The Gifford Lectures at Glasgow, 1916-1918, Vol II.
Book III. The Order and Problems of Empirical Existence
Chapter IV. Mind and Knowing
A. The Cognitive Relation
...Using then the terms appropriate to mind in this metaphorical fashion we may say that any finite 'enjoys' itself and 'contemplates' lower finites
or has 'knowledge' of them. They are revealed to it so far forth as it has organs for apprehending them. Hence properties which belong to the lower finite may be unrevealed in their distinctive quality, but they are revealed in the character which belongs to their equivalents on a lower level still. Thus in my example of the floor and table the floor certainly does not 'know' the table as exerting pressure, it does not even know it as material (I return to this presently), but in some lower equivalent form as a persisting set of motions, as, say, accelerated towards it according to the gravitational law. At the same time each finite is related towards other finites of the same level as minds are related to one another. The material floor is assured of the materiality of the table.
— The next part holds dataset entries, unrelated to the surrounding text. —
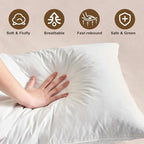 BHZ Down Feather Standard/Queen Pillows Set of 2 Pack, Luxury Hotel Collection - Image 2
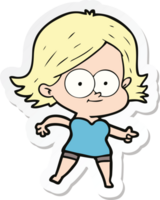sticker of a happy cartoon girl png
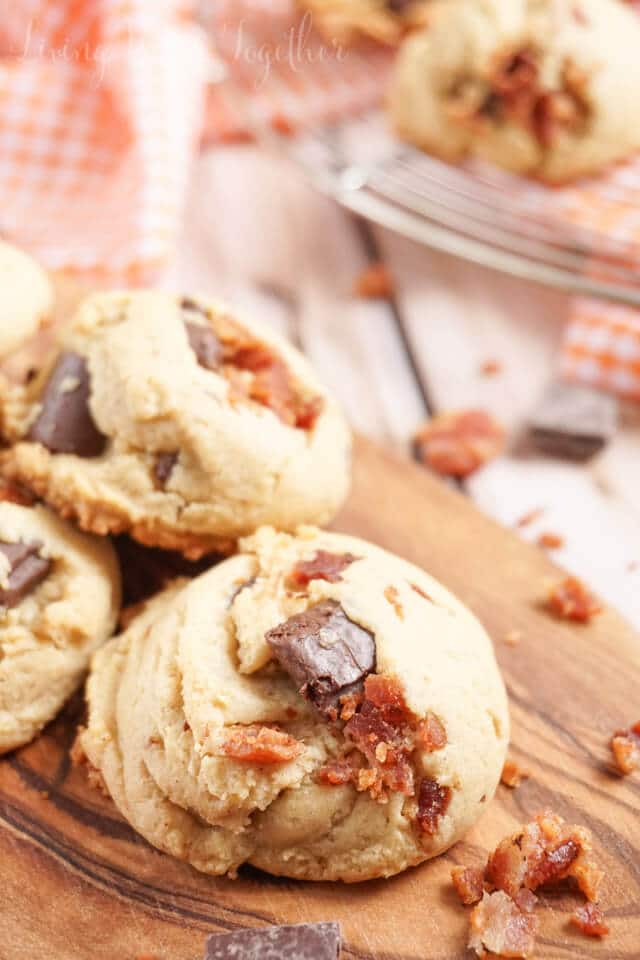 These Peanut Butter Bacon Chocolate Chunk Pudding Cookies are a chewy blend of sweet and salty. No chill time means they're ready in 30 minutes!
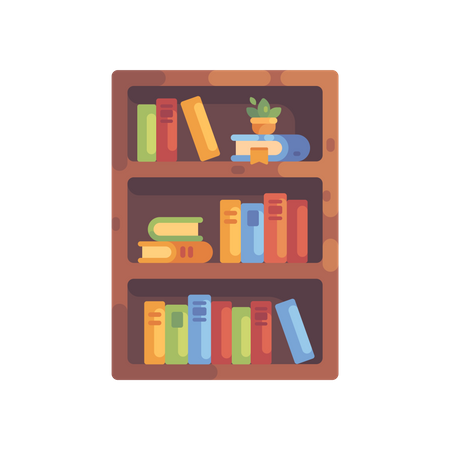 Colorful wooden bookshelf  Illustration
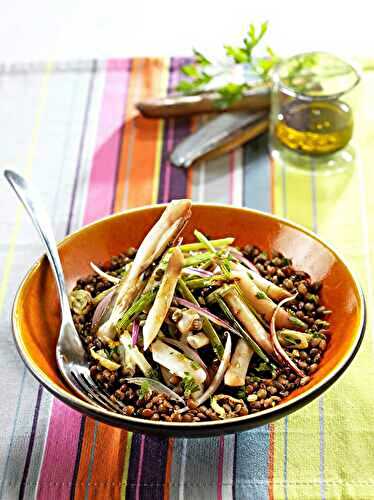 Couteaux en salade de lentilles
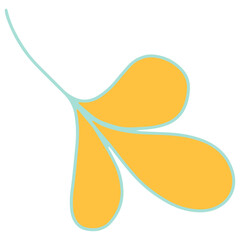 Colorful Vector Leaf Illustration on White Background. Hand Drawn Leaf Isolated on White Background.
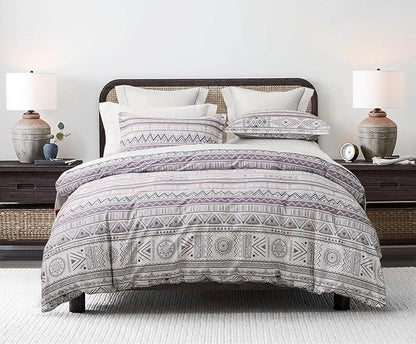 SLEEPBELLA Boho Chic Striped King Size Duvet Cover Set - 100% Cotton with Button Closure in White and Purple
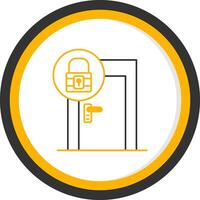 Door Lock Line Two Color Circle Icon vector
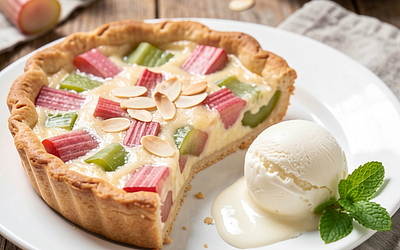Rhubarb tart on shortcrust pastry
...So far is the object from being dependent on the mind that, on the contrary, the mind is, at any rate for its original material, dependent on the object ; just as the silver must exist before it can be used as a shilling and be impressed with the king's effigy. Thus the higher grade of finites grows out of the lower and enjoying itself contemplates the lower in turn. Hence although mind cannot be and act without things from which to select its objects, neither the things nor the objects are affected in themselves by the presence of mind except so far as the mental conation alters them. What they are before the practical and alterative action takes place does not depend on the mind. So far as it is purely cognitive such alterative action is suspended. It follows that though for mind things are a condition, the presence of mind is not a condition of the existence or quality of things. All that they owe to mind is their being known.